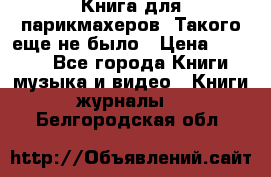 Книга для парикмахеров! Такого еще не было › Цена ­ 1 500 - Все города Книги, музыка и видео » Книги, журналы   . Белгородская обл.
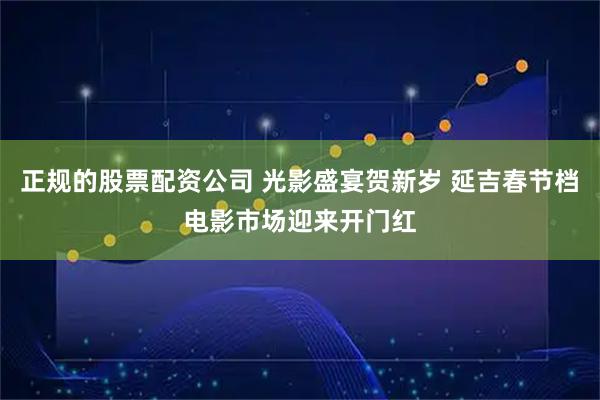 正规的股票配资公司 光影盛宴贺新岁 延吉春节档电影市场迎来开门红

· · ·

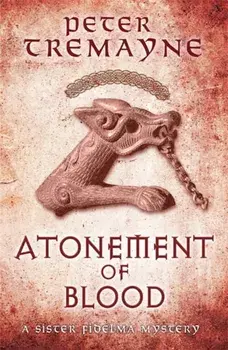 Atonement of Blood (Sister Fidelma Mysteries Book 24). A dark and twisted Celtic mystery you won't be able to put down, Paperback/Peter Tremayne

· · ·

* [Aim of the task] Pictures excluded, transcribe the listing above exactly from the line with "Книга для парикмахеров!" through the line with "正规的股票配资公司 光影盛宴贺新岁 延吉春节档电影市场迎来开门红", and no further.

* [Exercise solution]
 Книга для парикмахеров! Такого еще не было › Цена ­ 1 500 - Все города Книги, музыка и видео » Книги, журналы   . Белгородская обл.
 正规的股票配资公司 光影盛宴贺新岁 延吉春节档电影市场迎来开门红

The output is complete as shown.